Virginia AG Jason Miyares
Image: Shutterstock / The Old Major

A new opinion from Virginia Attorney General Jason Miyares is the latest document to question the legality of props-style fantasy sports.

In the opinion, Miyares says that pick’em fantasy violates the state’s Fantasy Contests Act.

“A ‘fantasy contest’ is one in which multiple individual contestants earn points based on the statistical, not actual, results of athletes’s performances and a contestant wins upon garnering more points than the other contestants. The contest operator, or ‘the house’, is not intended to be one of the individual contestants in a multi-player fantasy contest,” Miyares wrote.

Miyares is the latest to suggest that the “against the house” element of some DFS offerings is in conflict with the law. In Virginia, the language used to govern fantasy is similar to the language laid out in the Unlawful Internet Gambling Enforcement Act (UIGEA).
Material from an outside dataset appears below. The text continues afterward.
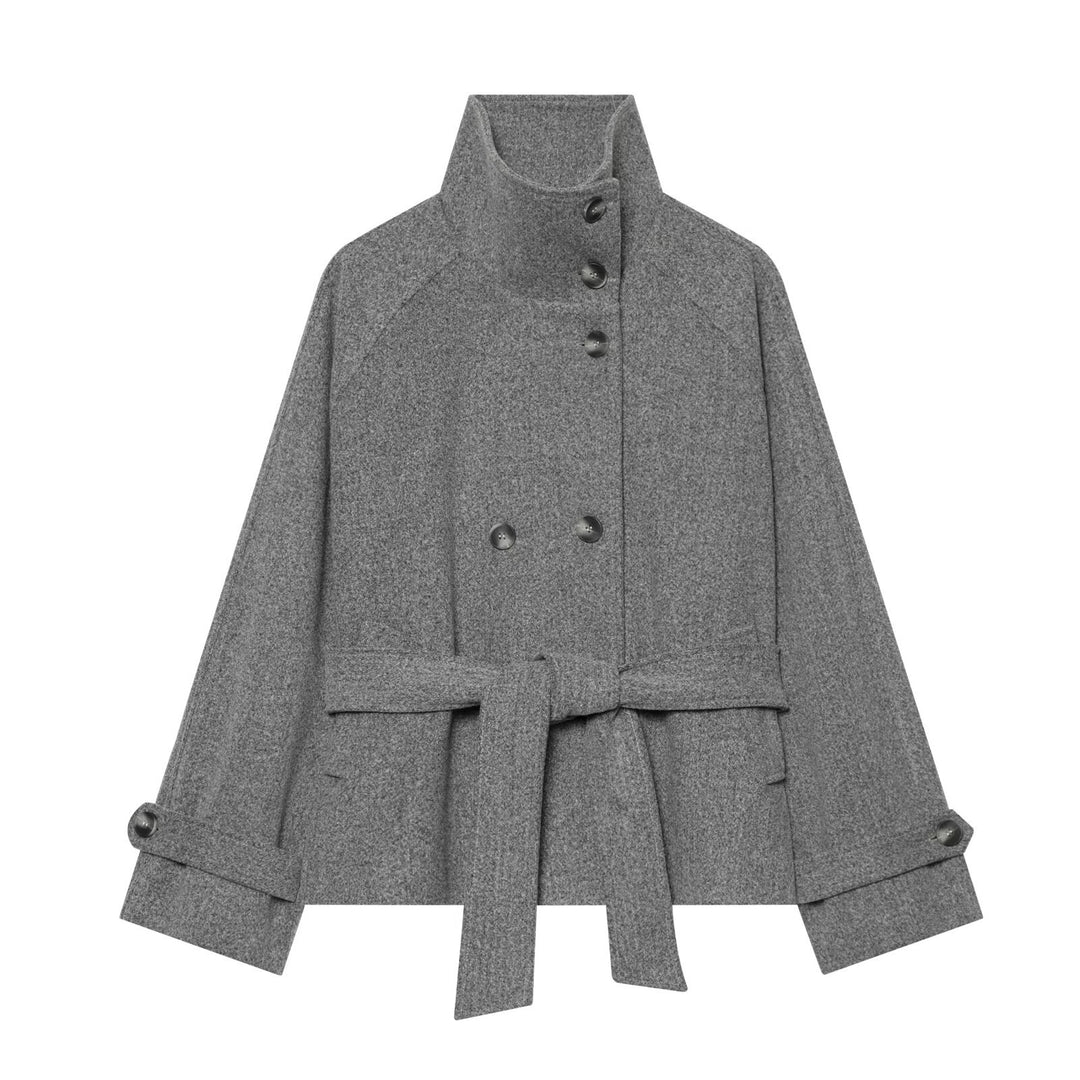 Women's cape transitional jacket in a short cut with a high collar, double button placket, and waist tie belt Mune Fashion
In that language, it says, “participants compete against each other and winners are determined based on accumulation of statistical performance.”

Miyares added that, though the house element was one factor in his opinion, it was not the only one.

“Although the fact that individual contestants are not competing against each other is critical to this determination, I further conclude that, to the extent contest results hinge solely on individual performance metrics stemming from a single sports event, the contest also falls outside the definition of ‘fantasy contests’ and instead constitutes sports betting.”

Like any other AG opinion, Miyares’s assessment of the contests is not legally binding and does not change the current law. In fact, the very games Miyares says are illegal in his mind are indeed licensed and regulated by the Office of Charitable and Regulatory Programs (OCRP), which has overseen fantasy sports since they were legalized in the state in 2016.

SBC Americas reached out to the Virginia Department of Agriculture and Consumer Services, which oversees OCRP, but they declined to comment on the issue.

Operators like Underdog and Sleeper that offer these contests remain operational in the state.

“We disagree with the Attorney General’s opinion and look forward to continuing our positive working relationship with our governing agencies in the Commonwealth of Virginia. The opinion does not supersede the licensing process in place as established by the Virginia General Assembly. The OCRP is responsible for administering the Fantasy Contests Act in the Commonwealth. Our member companies are licensed and continue to operate legally in Virginia,” said Coalition for Fantasy Sports spokesperson Allison Harris.

Virginia Delegate Wren Williams was the lawmaker who requested the opinion from the AG on the topic. The Republican has been in the House of Delegates since 2022. Looking at his charitable donations, Williams has accepted donations from both Bally’s Corporation and Betting on Virginia Jobs, a lobbying group largely funded by Hard Rock and the group behind the Hard Rock Bristol casino project.